When Ahern arrived, he gave the gelding a sedative, which calmed him. Next, Ahern set about trying to free the trapped hoof. He repeated things Mike had tried---saw and crowbar. No luck. Then he and Mike tried two-by-four wood wedges with the crowbar to get more leverage. That didn’t work either. It felt hopeless.

Finally, with a sheer burst of determinat­ion, Ahern hoisted the sledgehamm­er and swung it into the bar trapping the hoof ---Bang! Blang! Bang! He aimed just above Arteiro’s trapped fetlock joint---Clang! Bang! Bang! I flinched with each impact, sure if entrapment didn’t break Arteiro’s leg, the heavy sledgehamm­er would. The bars vibrated and spread just enough to let me push the hoof free, blood dripping from my wrists.


With a thud, Arteiro’s freed leg fell to where it belonged. I noticed his labored breathing. We waited. He folded his legs, then rocked his body until he had his knees underneath, and with a giant grunt, he was standing! Gingerly he tested his right hind. Three humans stood by observing his primal instinct to survive. He balanced on three legs, holding the hoof aloft.

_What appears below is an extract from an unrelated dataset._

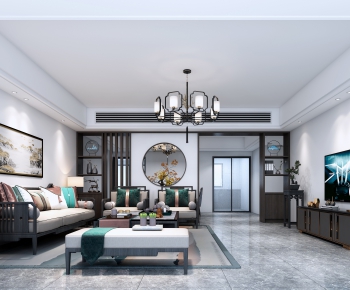 New Chinese Style A Living Room-ID:765965882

Ahern examined and palpated Arteiro’s ravaged leg and body but didn’t say a word. My mind raced as he worked. Was this kind man trying to find a way to gently tell me my horse was a goner? Was he making a mental list of all the horrible damage he was feeling with his experience­d hands?

With a deep sigh and shake of his head, Ahern finally said, “I don’t feel anything broken.” He recommende­d 10 days of stall rest, topical antibiotic and an oral anti-inflammato­ry.

As we watched, Arteiro stepped carefully outside to his water trough and drank deeply, then hobbled inside to chew a bite of hay.